The Infield, also the home of the Berkshire Baseball Academy, is located on Lyman Street in Pittsfield, and is inside of White Star Plaza. The White Star name has been in the family's hands for four generations, when Massery's great great grandfather, Louis, started the White Star confectionery company on Columbus Avenue. Since then, the business moved to Lyman Street where it existed until 1990. Massery's The Infield also occupies part of the blueprint from a place known as The Arena, which his father, Phil, opened in 1990 inside of White Star Plaza.
The Arena served as the template for The Infield. While the square footage is smaller, Mike Massery said that both businesses were centered around the same idea — giving people in Pittsfield an indoor space to practice sports.

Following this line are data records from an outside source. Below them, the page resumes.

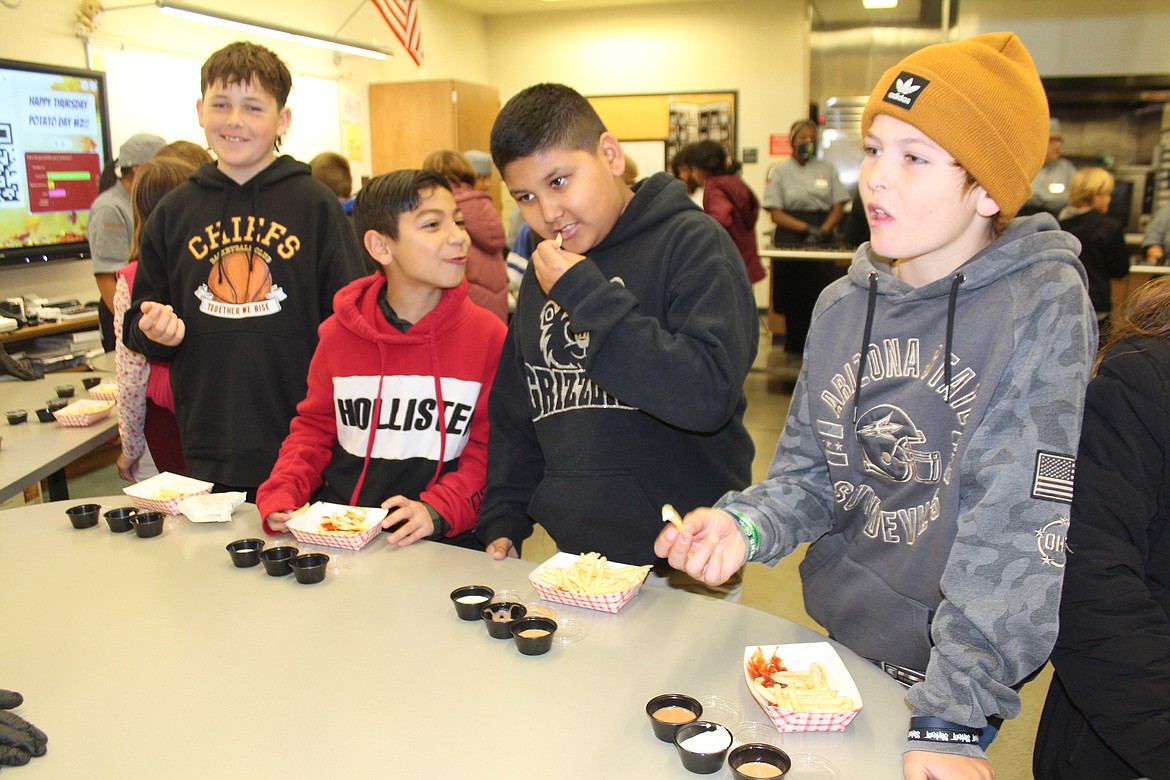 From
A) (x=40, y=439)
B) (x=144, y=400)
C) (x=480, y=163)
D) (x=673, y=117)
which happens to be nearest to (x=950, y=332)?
(x=144, y=400)

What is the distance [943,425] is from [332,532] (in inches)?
42.4

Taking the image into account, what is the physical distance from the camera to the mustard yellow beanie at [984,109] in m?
1.19

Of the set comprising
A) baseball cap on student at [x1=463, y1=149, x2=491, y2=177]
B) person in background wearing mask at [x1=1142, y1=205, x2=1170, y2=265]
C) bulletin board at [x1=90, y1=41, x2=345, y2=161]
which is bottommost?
person in background wearing mask at [x1=1142, y1=205, x2=1170, y2=265]

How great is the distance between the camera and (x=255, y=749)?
1062 mm

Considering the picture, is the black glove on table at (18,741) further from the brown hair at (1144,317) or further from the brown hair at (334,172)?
the brown hair at (334,172)

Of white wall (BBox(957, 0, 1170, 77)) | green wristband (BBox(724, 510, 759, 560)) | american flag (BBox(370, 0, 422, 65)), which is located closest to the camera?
green wristband (BBox(724, 510, 759, 560))

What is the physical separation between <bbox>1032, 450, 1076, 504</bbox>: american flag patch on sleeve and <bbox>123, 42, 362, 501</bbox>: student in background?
1.80 m

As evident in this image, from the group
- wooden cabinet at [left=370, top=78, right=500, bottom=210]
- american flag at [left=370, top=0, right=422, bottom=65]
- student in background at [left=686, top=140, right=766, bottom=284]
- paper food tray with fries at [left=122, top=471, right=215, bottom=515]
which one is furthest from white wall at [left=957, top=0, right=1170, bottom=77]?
paper food tray with fries at [left=122, top=471, right=215, bottom=515]

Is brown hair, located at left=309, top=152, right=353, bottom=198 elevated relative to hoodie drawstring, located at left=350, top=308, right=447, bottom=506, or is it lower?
elevated

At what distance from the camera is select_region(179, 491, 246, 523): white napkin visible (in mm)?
1797

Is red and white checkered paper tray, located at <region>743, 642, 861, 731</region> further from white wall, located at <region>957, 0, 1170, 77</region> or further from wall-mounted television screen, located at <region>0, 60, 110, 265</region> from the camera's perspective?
white wall, located at <region>957, 0, 1170, 77</region>

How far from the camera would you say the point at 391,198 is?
2.15m

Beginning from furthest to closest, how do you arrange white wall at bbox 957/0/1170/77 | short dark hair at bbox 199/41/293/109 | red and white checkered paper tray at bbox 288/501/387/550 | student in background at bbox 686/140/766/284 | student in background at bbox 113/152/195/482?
1. white wall at bbox 957/0/1170/77
2. student in background at bbox 686/140/766/284
3. student in background at bbox 113/152/195/482
4. short dark hair at bbox 199/41/293/109
5. red and white checkered paper tray at bbox 288/501/387/550

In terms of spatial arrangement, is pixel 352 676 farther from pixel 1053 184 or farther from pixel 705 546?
pixel 1053 184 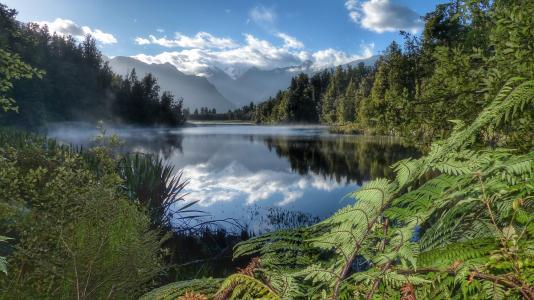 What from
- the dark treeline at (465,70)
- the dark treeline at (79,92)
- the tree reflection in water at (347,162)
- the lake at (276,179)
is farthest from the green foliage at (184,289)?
the dark treeline at (79,92)

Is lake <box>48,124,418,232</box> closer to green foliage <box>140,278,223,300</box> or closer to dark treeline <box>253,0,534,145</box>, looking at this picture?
dark treeline <box>253,0,534,145</box>

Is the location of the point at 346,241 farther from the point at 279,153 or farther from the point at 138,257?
the point at 279,153

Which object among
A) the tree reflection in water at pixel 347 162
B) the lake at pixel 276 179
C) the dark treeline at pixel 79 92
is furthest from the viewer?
the dark treeline at pixel 79 92

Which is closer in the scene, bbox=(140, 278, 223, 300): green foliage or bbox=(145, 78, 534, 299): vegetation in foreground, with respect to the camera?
bbox=(145, 78, 534, 299): vegetation in foreground

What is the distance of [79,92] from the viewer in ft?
233

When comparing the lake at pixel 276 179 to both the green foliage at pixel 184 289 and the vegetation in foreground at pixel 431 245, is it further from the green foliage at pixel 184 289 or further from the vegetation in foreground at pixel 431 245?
the green foliage at pixel 184 289

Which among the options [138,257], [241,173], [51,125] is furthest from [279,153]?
[138,257]

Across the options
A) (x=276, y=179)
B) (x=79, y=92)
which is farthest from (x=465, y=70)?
(x=79, y=92)

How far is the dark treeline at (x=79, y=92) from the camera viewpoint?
53438mm

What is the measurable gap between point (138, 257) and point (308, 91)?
145 meters

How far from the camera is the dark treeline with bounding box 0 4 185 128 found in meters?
53.4

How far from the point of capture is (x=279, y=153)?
47438 millimetres

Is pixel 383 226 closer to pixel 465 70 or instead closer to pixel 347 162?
pixel 465 70

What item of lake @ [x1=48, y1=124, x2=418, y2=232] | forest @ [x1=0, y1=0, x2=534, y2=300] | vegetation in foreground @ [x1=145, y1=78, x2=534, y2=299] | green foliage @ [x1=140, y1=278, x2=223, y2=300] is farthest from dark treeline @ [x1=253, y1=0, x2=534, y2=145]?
green foliage @ [x1=140, y1=278, x2=223, y2=300]
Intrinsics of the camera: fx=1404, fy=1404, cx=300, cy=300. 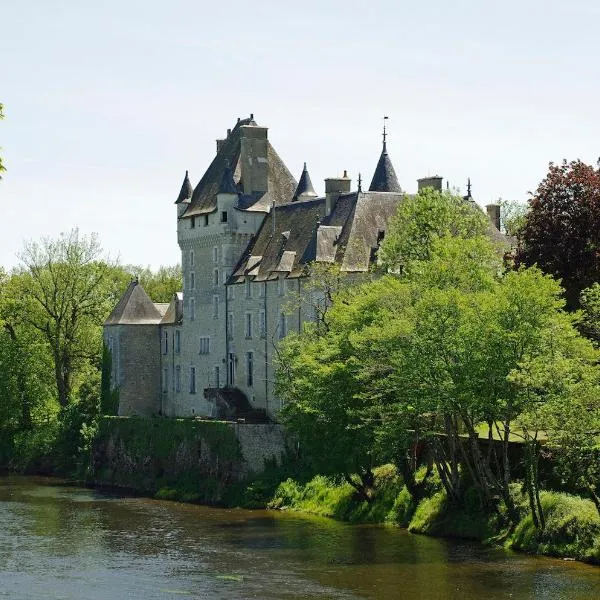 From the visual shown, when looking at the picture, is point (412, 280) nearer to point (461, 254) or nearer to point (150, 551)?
point (461, 254)

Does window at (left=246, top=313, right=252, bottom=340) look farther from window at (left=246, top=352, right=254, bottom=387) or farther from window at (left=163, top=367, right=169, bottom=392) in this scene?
window at (left=163, top=367, right=169, bottom=392)

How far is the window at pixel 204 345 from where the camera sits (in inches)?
3051

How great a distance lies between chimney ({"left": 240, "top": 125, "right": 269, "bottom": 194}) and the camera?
77250 millimetres

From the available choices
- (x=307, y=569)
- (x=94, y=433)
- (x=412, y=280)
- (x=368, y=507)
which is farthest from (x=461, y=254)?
(x=94, y=433)

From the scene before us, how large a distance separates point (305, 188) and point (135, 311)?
12807 millimetres

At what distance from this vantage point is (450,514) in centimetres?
5000

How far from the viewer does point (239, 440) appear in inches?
2511

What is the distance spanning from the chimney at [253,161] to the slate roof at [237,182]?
387 millimetres

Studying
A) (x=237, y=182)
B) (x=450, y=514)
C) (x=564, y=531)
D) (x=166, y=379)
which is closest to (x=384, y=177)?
(x=237, y=182)

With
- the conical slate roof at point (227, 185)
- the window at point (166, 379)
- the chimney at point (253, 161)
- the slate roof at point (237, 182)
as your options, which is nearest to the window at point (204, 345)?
the window at point (166, 379)

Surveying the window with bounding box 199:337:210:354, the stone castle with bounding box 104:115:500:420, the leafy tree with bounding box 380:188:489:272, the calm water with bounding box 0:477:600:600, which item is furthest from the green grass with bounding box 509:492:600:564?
the window with bounding box 199:337:210:354

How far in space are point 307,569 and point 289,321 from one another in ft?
88.2

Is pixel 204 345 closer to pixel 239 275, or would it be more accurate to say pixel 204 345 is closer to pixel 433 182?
pixel 239 275

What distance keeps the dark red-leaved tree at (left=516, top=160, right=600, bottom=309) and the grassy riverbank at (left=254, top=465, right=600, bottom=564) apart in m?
10.3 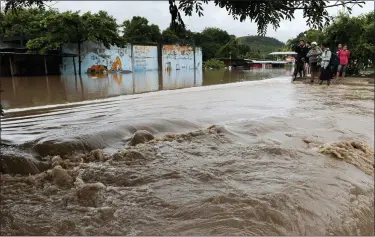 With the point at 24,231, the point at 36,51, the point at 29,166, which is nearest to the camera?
the point at 24,231

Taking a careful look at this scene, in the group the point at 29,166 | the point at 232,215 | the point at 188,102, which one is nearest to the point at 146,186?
the point at 232,215

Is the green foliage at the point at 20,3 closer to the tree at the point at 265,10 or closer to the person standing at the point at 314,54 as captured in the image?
the tree at the point at 265,10

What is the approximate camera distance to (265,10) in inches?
103

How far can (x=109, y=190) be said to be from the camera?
3.11 meters

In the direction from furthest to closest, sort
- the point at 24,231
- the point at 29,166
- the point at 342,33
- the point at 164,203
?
the point at 342,33 → the point at 29,166 → the point at 164,203 → the point at 24,231

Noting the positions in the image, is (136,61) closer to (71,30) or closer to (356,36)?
(71,30)

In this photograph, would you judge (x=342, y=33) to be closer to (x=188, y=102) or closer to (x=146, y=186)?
(x=188, y=102)

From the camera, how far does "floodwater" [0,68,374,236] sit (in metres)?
2.60

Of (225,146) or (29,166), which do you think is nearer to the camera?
(29,166)

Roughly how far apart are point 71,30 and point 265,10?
68.5ft

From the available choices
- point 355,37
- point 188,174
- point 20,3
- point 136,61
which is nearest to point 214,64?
point 136,61

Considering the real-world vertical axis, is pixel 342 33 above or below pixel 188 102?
above

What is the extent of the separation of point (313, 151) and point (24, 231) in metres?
3.35

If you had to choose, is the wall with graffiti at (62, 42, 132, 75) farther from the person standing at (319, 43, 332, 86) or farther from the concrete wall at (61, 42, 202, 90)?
the person standing at (319, 43, 332, 86) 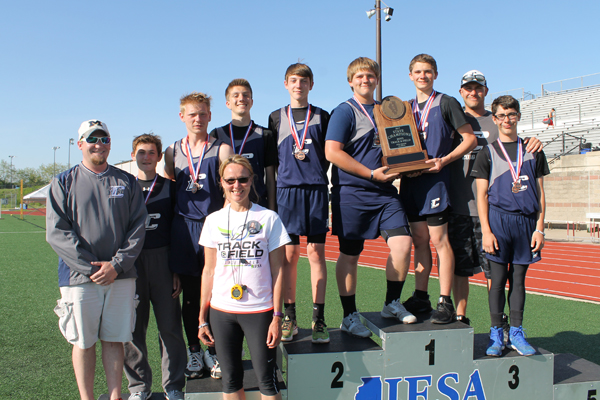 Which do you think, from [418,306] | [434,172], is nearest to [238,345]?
[418,306]

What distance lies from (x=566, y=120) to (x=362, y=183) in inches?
1222

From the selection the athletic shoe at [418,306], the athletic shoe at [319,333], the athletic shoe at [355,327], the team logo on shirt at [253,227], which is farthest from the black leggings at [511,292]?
the team logo on shirt at [253,227]

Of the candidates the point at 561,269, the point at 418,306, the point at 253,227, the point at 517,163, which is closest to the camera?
the point at 253,227

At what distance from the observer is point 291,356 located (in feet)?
9.49

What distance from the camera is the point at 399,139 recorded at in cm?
301

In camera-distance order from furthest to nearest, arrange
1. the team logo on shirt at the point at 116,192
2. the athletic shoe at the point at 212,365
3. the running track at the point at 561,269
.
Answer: the running track at the point at 561,269 < the athletic shoe at the point at 212,365 < the team logo on shirt at the point at 116,192

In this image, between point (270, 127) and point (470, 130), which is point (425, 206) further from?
point (270, 127)

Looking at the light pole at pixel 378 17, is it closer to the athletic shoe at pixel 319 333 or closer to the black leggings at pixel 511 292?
the black leggings at pixel 511 292

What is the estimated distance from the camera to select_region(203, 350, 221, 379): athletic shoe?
304 cm

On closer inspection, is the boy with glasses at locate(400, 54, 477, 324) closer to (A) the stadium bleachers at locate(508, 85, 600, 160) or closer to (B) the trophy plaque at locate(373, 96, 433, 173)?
(B) the trophy plaque at locate(373, 96, 433, 173)

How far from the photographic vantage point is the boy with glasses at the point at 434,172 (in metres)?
3.16

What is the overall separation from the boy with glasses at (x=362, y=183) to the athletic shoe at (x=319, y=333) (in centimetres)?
28

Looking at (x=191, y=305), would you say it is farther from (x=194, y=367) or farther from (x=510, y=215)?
(x=510, y=215)

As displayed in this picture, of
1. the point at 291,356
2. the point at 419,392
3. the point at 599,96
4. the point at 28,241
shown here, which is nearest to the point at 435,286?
A: the point at 419,392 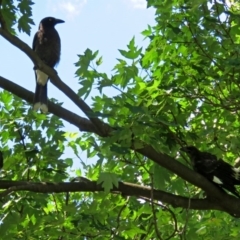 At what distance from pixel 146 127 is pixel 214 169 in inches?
57.9

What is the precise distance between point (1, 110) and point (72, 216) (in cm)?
144

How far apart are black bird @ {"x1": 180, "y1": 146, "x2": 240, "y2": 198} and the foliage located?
0.16 m

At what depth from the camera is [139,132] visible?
13.0 ft

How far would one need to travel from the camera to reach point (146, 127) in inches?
161

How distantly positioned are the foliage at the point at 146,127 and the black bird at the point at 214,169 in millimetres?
156

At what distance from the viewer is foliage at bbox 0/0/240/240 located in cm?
443

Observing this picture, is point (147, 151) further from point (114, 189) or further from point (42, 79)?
point (42, 79)

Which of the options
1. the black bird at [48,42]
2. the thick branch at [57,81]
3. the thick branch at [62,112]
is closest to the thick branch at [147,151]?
the thick branch at [62,112]

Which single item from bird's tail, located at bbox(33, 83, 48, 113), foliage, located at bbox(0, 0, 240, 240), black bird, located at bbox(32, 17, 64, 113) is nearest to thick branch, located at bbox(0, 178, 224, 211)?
foliage, located at bbox(0, 0, 240, 240)

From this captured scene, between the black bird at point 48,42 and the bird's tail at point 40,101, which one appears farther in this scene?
the black bird at point 48,42

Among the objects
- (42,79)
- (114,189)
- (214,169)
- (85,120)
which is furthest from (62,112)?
(42,79)

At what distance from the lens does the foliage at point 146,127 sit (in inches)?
175

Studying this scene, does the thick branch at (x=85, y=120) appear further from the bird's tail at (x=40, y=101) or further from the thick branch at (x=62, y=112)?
the bird's tail at (x=40, y=101)

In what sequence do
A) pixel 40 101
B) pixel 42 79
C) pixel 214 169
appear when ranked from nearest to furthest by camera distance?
1. pixel 40 101
2. pixel 214 169
3. pixel 42 79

"When I first opened up, I didn't really think past baseball," Massery, a 2004 Taconic graduate and former American International College baseball player, said. "Kids will come in, they'll have a place to play baseball. Once I opened up, it was like 'Hey, can we play soccer here? Can we play lacrosse here? Can we have a birthday party here?'
"And it was like 'Yeah, of course we can,' and it exploded from there."
The Infield opened in 2011, and Massery celebrated another year of business this fall by putting in new turf for the batting cages and pitching mounds. He said that the decision was born out of a desire to give people who walk in the door the best possible facility.
"It is such a community-based place and we have so many people that come in and support the business, that every year or two I put the money back in and give everyone a cleaner, better, more upgraded facility for them to practice in.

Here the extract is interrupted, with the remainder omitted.